Mr. DiGirolamo was charged in March in a two-count indictment with first-degree murder and fourth-degree tampering with evidence. He pleaded not guilty in April. If convicted, he could face a maximum sentence of life in prison.
The former employee of Conair in East Windsor was released from the Mercer County Correction Center on Nov. 26, after his family posted a $1 million bond. As a condition of his bail, he is restricted to his parents’ home in Brooklyn, N.Y. with an electronic bracelet around his ankle. Mr. DiGirolamo’s next court appearance will be an arraignment. No date has been scheduled.
His attorney, Jerome Ballarotto, expressed some relief this week and repeated his confidence that his client will be exonerated.

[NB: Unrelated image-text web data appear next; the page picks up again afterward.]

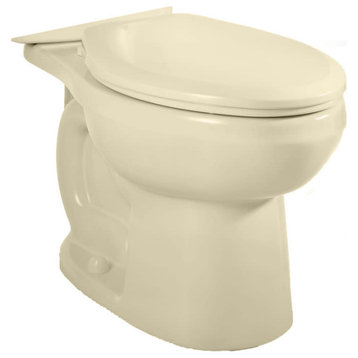 American Standard 3706.216 H2Option Elongated Toilet Bowl Only - Bone
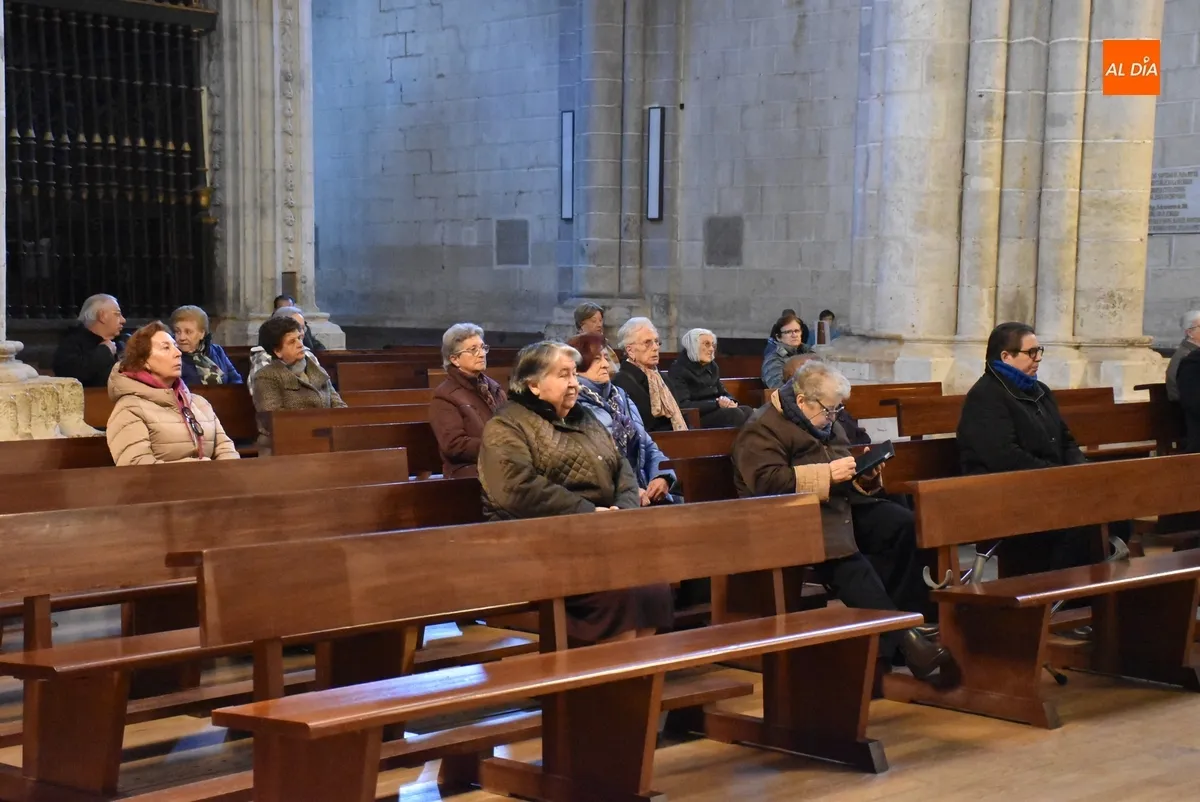 Foto 6 - La Catedral de Ciudad Rodrigo conmemora los 865 a&ntilde;os de su consagraci&oacute;n
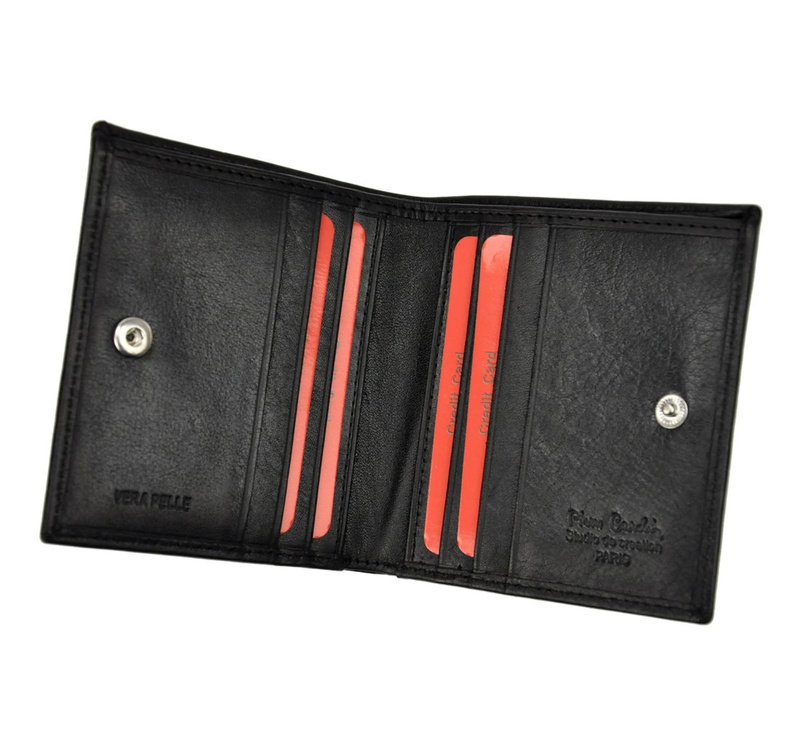 Men's genuine leather wallet Pierre Cardin TILAK06 8813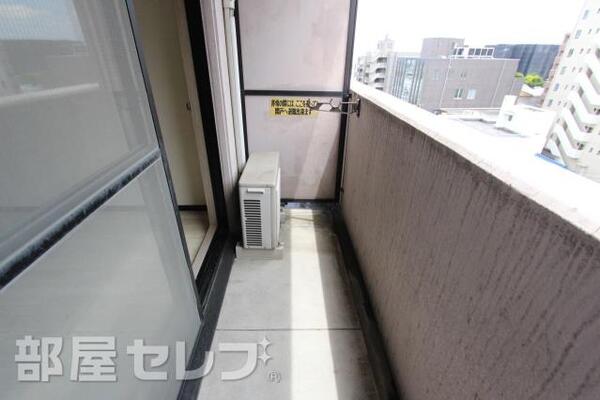 洗濯物が干せますよ。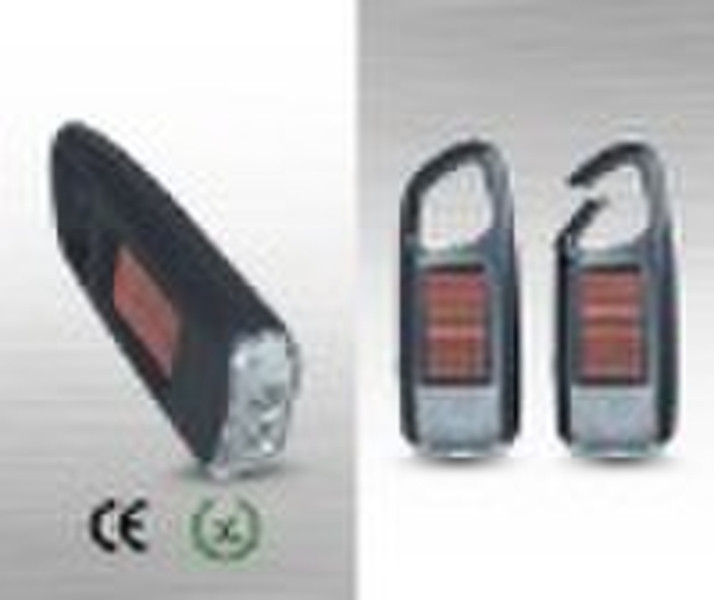 Rechargeable Solar torch ,Solar lamp ,Solar flashl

”We’ve been waiting a long time, with everybody been running around saying terrible things about us. It’s now time to stop the accusations and start the judicial process, and we look forward to the opportunity clear Rosario’s name,” he said.
”The evidence in this case will establish facts that are substantially different than the accusations that have been made by the prosecutor and others,” he added.
[vmo: easily cut for space: ]As soon as the arraignment is held, he explained, he gets access to the prosecutor’s file, “and then we conclude our investigation.”
The Mercer County Prosecutor’s Office said in April that Mr. DiGirolamo killed Ms. Giordano, 27, by hitting her on the head with a tool in her Mercer Street apartment and then dismembered her.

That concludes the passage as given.